Ilustração: Mihai Cauli

A privatização da Eletrobras não pertence ao debate entre mais ou menos liberalismo para o Brasil. A lei aprovada por Bolsonaro para a privatização do Grupo faz parte da arquitetura de destruição que vai da ocupação ilegal da Amazônia à rejeição da vacina e aos ataques à democracia. O momento para privatizar é inadequado e a escolha do modelo de privatização torna incerta a governança da empresa privatizada, colocando em risco a segurança energética do país.

Diferentemente do que ocorreu no governo de Fernando Henrique Cardoso, no qual a privatização era parte de um conjunto de projetos liberais que pretendiam dar uma nova roupagem ao desenvolvimento do país, no governo Bolsonaro, a defesa do liberalismo é apenas um ardil para conseguir um reforço de caixa estimado em mais de 100 bilhões de reais para o Tesouro Nacional – parte com a outorga por 30 anos e parte pela venda no mercado secundário de ações de propriedade da União. São recursos para financiar o populismo e garantir votos parlamentares contra o impeachment.

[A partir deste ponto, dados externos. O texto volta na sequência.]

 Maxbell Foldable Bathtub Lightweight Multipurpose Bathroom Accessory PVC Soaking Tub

O conjunto da obra é bizarro! Até mesmo Elena Landau, coordenadora do Plano Nacional de Desestatização (PND) durante o governo PSDB, espantou-se, e assinalou sete erros graves da lei. Um dos mais graves foi o de ter delegado ao Congresso a definição do modelo de privatização, assunto técnico que é o resultado de estudos bastante complexos. O padrão é encerrar a participação do legislativo na autorização para privatizar. Desta feita, Bolsonaro terraplanou os estudos, e o modelo de privatização virou uma lei, com seus jabutis nos galhos.

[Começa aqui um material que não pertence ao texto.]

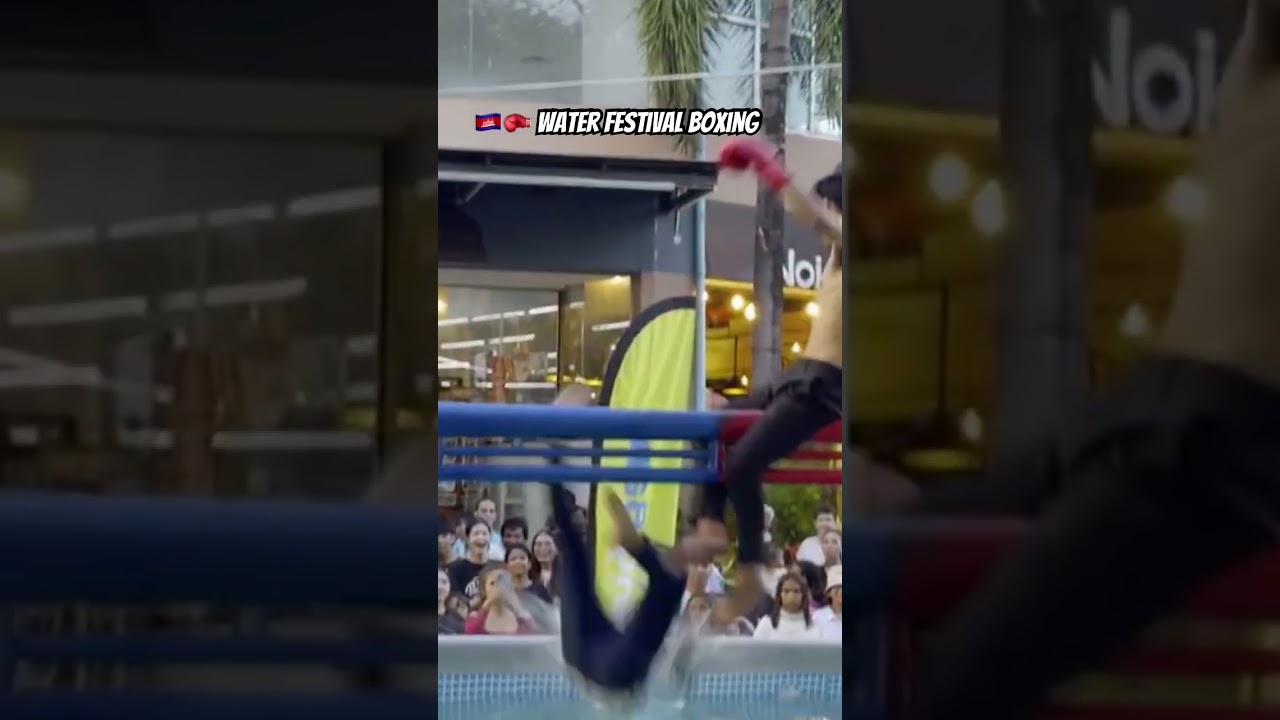 🇰🇭🥊 Water Festival Boxing #bonomtouk #waterfestival #cambodia #siemreap #visitcambodia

O momento impróprio e o modelo inadequado de privatização

Em plena crise hídrica,[1] o governo está vendendo 80% da geração de energia com base hidroelétrica. Apesar das medidas preventivas implementadas pelos governos petistas para aumentar a segurança energética do país – expansão da geração por outras fontes –, o Operador Nacional do Sistema Elétrico (ONS) revisou nestes últimos dias suas previsões e admitiu o risco de apagão, em outubro ou novembro deste ano.

Um apagão pode complicar ainda mais a reeleição de Bolsonaro, já fragilizada pela alta nas tarifas de energia e pela inflação (8,6% nos últimos doze meses). A próxima notícia deve ser uma nova alta dos juros e seu consequente efeito negativo sobre a atividade econômica.

Seguindo o padrão obsessivo-compulsivo pelo risco, o modelo de privatização encaminhado pelo governo prevê uma emissão de ações para subscrição pública, da qual a União não irá participar. Complementarmente, o Tesouro Nacional foi autorizado a vender suas ações, que atualmente representam 51,85% do capital votante.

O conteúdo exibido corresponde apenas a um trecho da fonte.